Assignment: From the first line of the material through the line that holds "Waterproof LED wall", repeat each line exactly and skip any picture.

━━━━

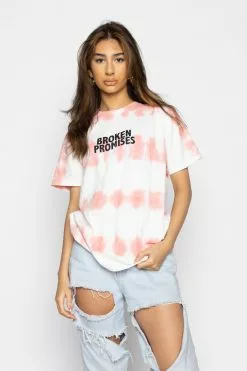 BROKEN PROMISES Star Shopping Tie Dye Tee Pink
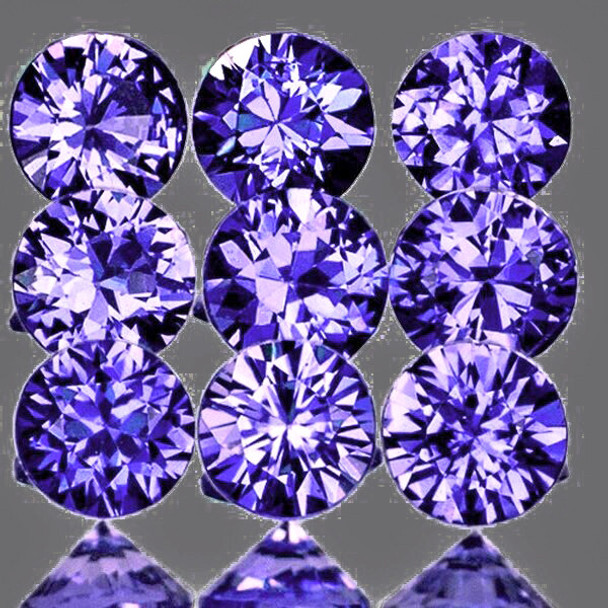 2.70 mm Round Machine Cut 9 pcs Natural Violet Blue Sapphire [Flawless-VVS]{Unheated AAA Brilliancy}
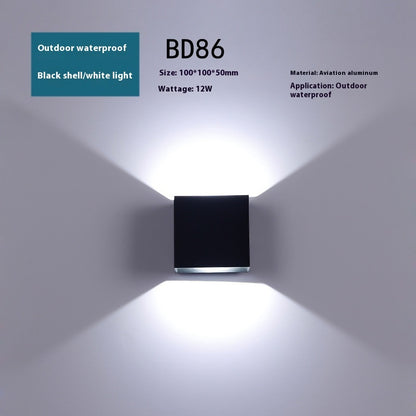 Waterproof LED wall lamp for garden, patio, and outdoor lighting.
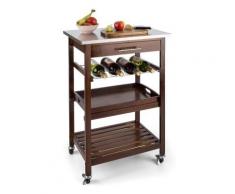 Klarstein Vermont - Desserte de cuisine sur roulettes chariot de service en bois véritable avec plan de travail en acier inox (tiroir, support pour bouteilles, plateau de service amovible) - Ustensiles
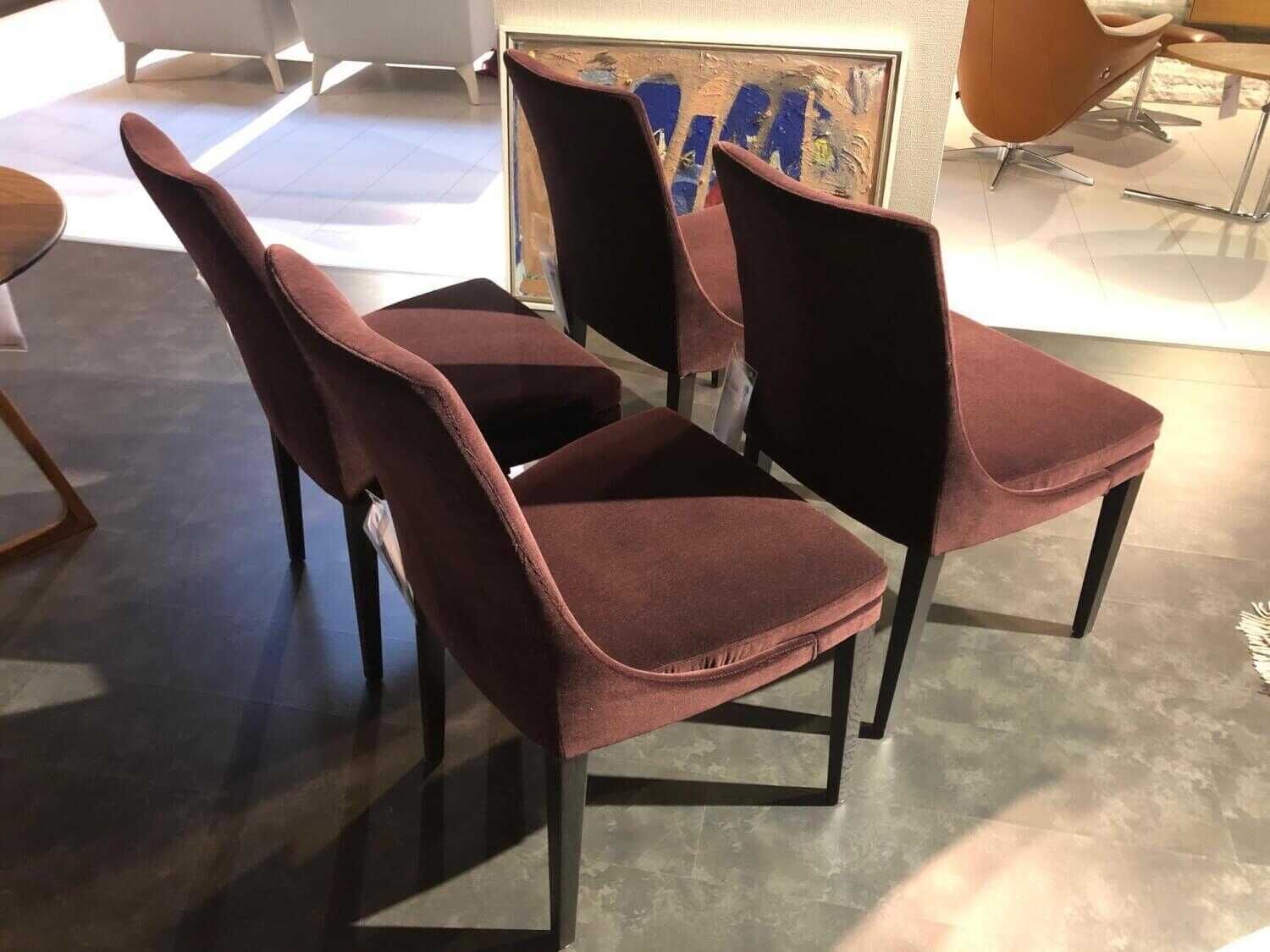 4er-Set Stuhl Saloni Stoff Stan 1661-181 C Füße Eiche Wengefarbig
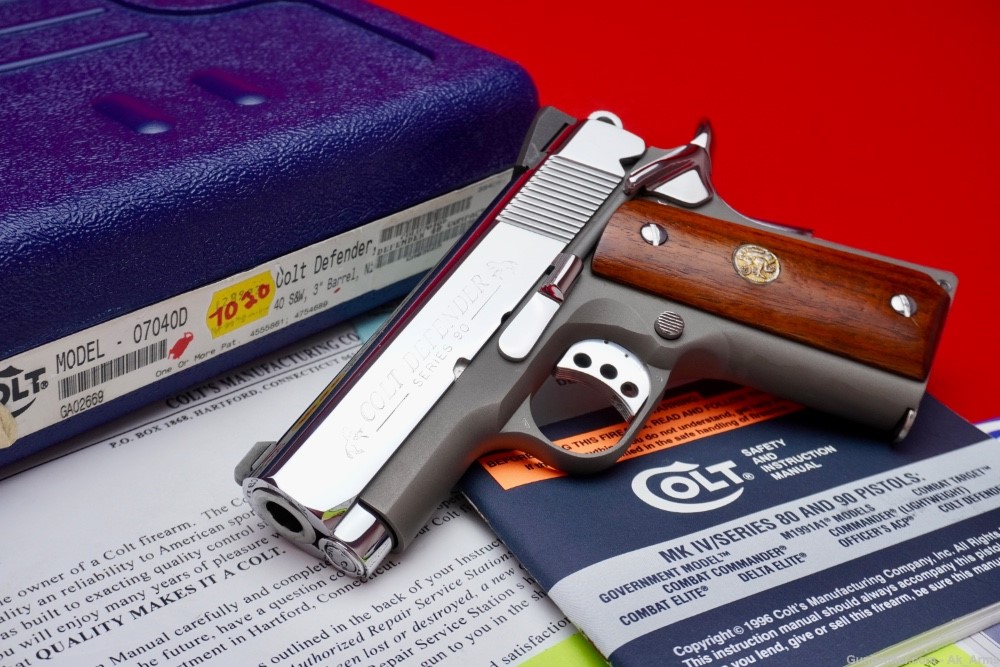 1998 Colt Defender 1911 .40 S&W *BREATHTAKING BRIGHT STAINLESS* In Box!-img-0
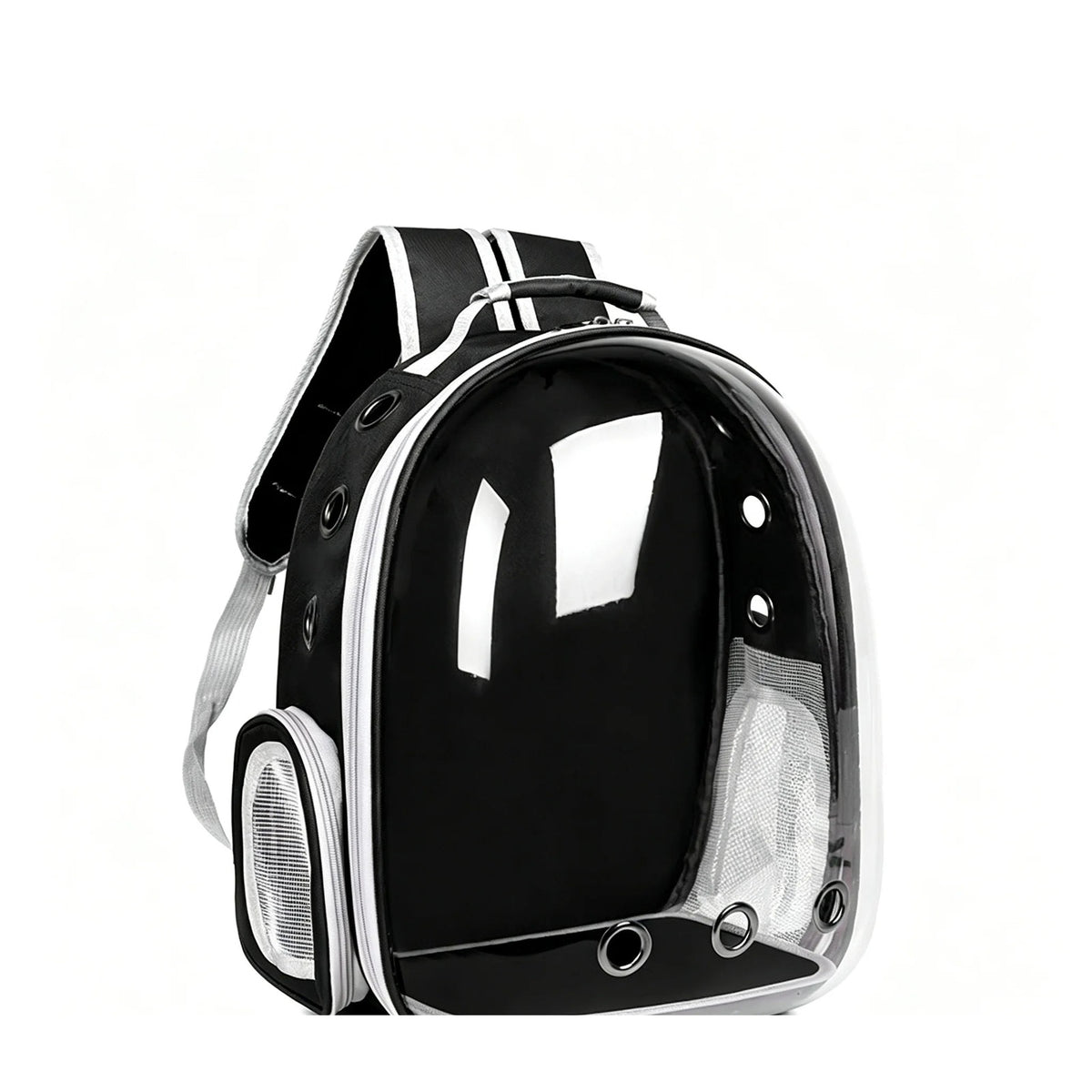 Black hard shell cat backpack with a clear bubble dome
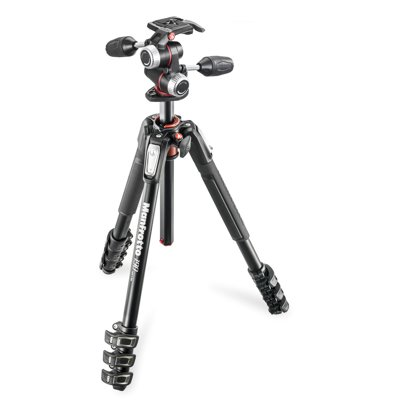 Manfrotto 190 kit - Aluminum 4-section Horizontal Column Tripod with 3 Way Head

━━━━

Written answer:
 BROKEN PROMISES Star Shopping Tie Dye Tee Pink
 2.70 mm Round Machine Cut 9 pcs Natural Violet Blue Sapphire [Flawless-VVS]{Unheated AAA Brilliancy}
 Waterproof LED wall lamp for garden, patio, and outdoor lighting.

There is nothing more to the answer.